While “Orange Blossom Special,” “Walk the Line,” “Folsom Prison Blues,” “Get Rhythm” and “Ring of Fire” are virtually guaranteed to be on this weekend’s Church of Cash program lineup, attendees can expect to hear a few other equally resonant but less familiar Cash tunes, too.
“A song he sang with a group of other artists - Kris Kristofferson, Waylon Jennings and Willie Nelson - is ‘The Highwayman,’ and it’s by far my favorite song to play,” said Ernest.
“Johnny does the final verse of it, and it’s beautiful and poignant,” Ernest continued. “The hardcore Cash audience knows it, and the casual listener may have heard it on the radio once or twice in the ‘80s.”
Cash’s music isn’t all that’s a neat fit for a southwest Minnesota crowd on a January Saturday night; Ernest himself is right at home in the area, having grown up on a farm about eight miles north of New Ulm.
“I had farm responsibilities like all the other kids,” said Ernest. “I picked rock, fed horses and chickens, pulled weeds and worked on farm machinery.”
But Ernest has also been singing since he was five years old. He learned the guitar at 13 and has been a touring musician since 20.
“I’ve done a variety of music,” said Ernest. “I went to college to sing opera, and I’ve played in punk rock and reggae bands, so I’m well versed in a lot of different styles.
“When this Johnny Cash thing happened, it was the culmination of all my years of experience, like coming home to the music my father had been singing to me since I was a 1-year-old.”
Ernest has been a working musician for nearly 25 years, though earlier in his career he was more of a backup guy, as he explains it.
“I wanted more exposure as a front man and lead singer, so I started playing more tunes to expand my repertoire,” he related.
“Every time I sang Johnny Cash, people put down their beers and stared at me, so I went home to learn more of his music and quickly realized I knew all his songs already because my old man had sung them to me since I was a child.
“Maybe I was born to do this, but I didn’t know it was happening until it was right there in front of me.”
Ernest employs a full complement of skilled musicians to round out the “Church of Cash” sound, including Albert “The Bronco” Perez on guitar, Eric Struve on bass guitar and upright bass, and drummer Jonathan TeBeest.

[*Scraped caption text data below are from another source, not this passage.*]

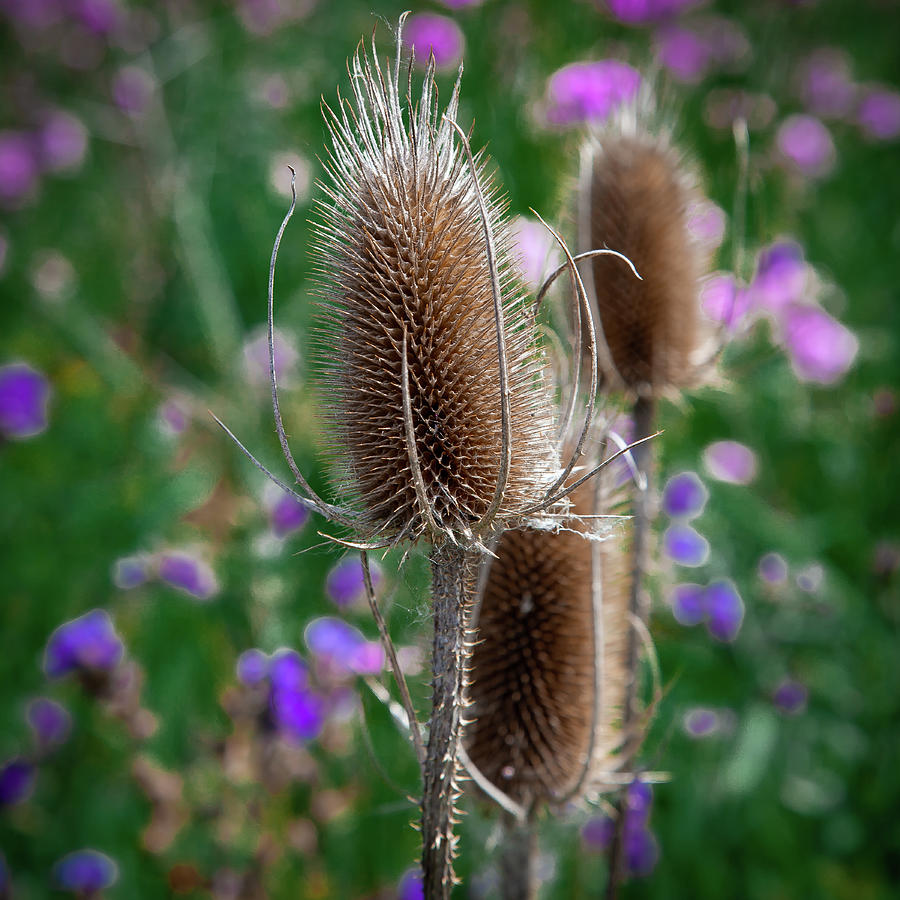 The Teasel Photograph by David Patterson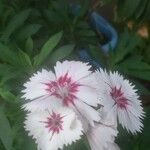 Dianthus plumarius പുഷ്പം
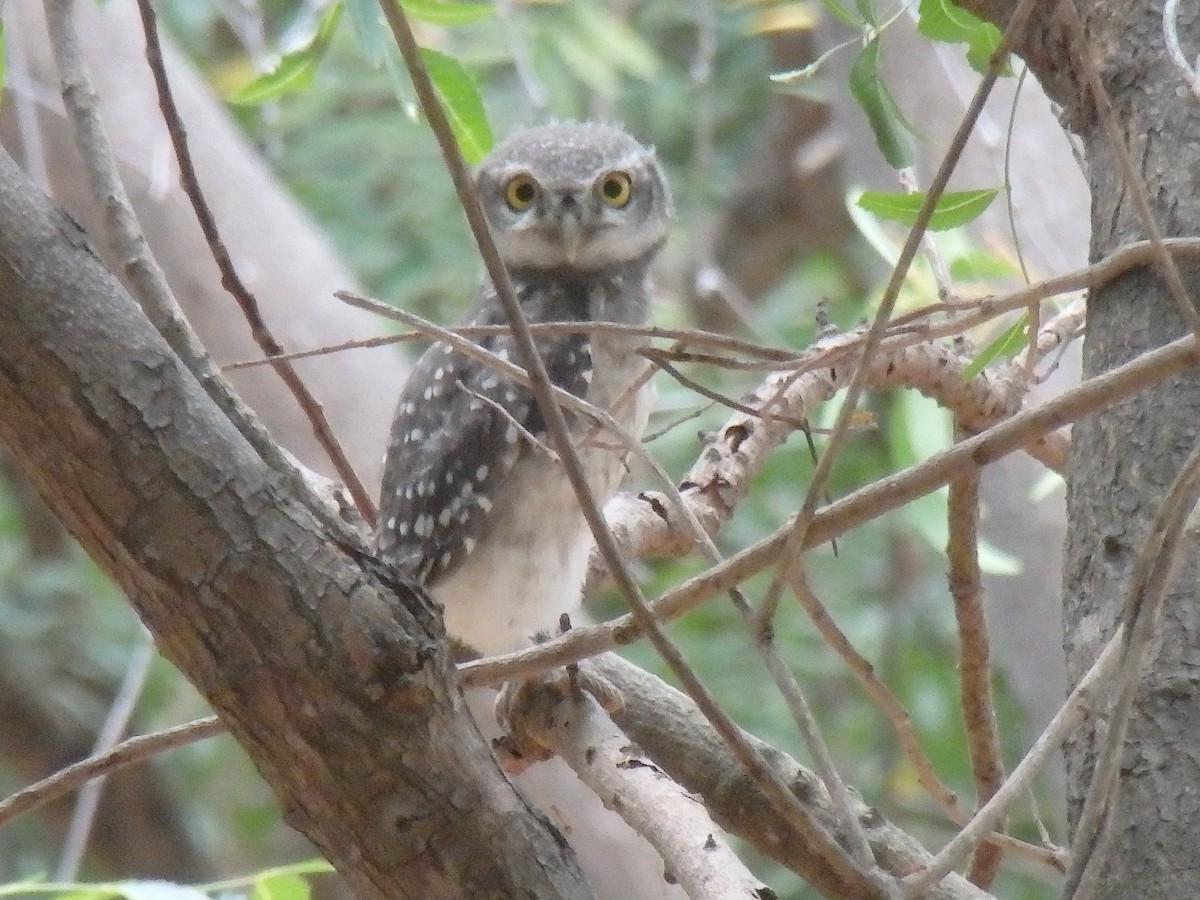 Spotted Owlet - Suebsawat Sawat-chuto
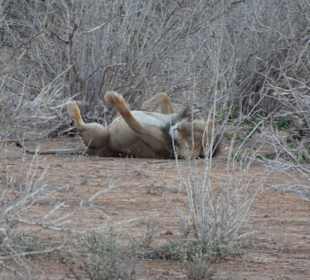 WT Safaris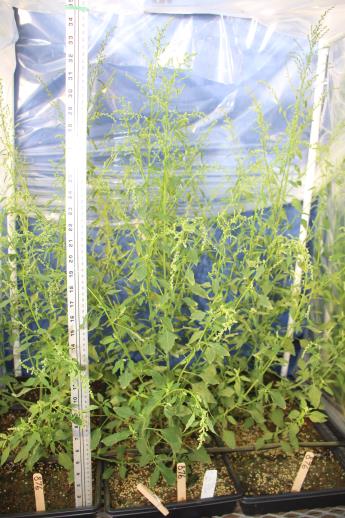 column GREENHOUSE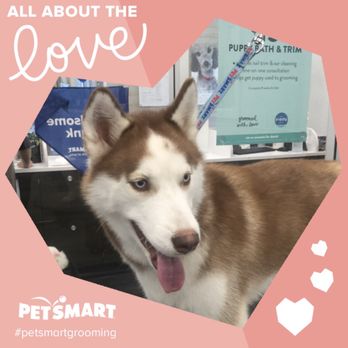 PetSmart - Pet Training Near Me - Long Beach, California PetSmart - Pet Training Near Me - Long Beach, California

“I’m very happy to be performing at Memorial Auditorium,” assured Ernest. “It’s historic, and a place I’ve wanted to play for years.”
Even after a decade of sharing the music and message of Johnny Cash, Ernest remains energized by the chance to keep Cash’s spirit and compositions alive.
“Johnny Cash’s music is relatable to everyone,” asserted Ernest. “That’s the key to why he’s so huge and has such a lasting impact.
“It doesn’t matter what your status is in life, because he addresses things everyone experiences.
“Johnny Cash speaks to the soul.”
“Church of Cash: Tribute to Johnny Cash” takes place at 7 p.m. Saturday at Memorial Auditorium Performing Arts Center, 714 13th St., Worthington. All seats are reserved, and there is a discount for advance purchase. For tickets, visit the box office from 9 a.m. to 1 p.m. weekdays, call 376-9101 or visit friendsoftheauditorium.com. Doors open one hour prior to show time. Kalea Appel will provide pre-show and intermission lobby entertainment; concessions and Round Lake Winery products will be sold.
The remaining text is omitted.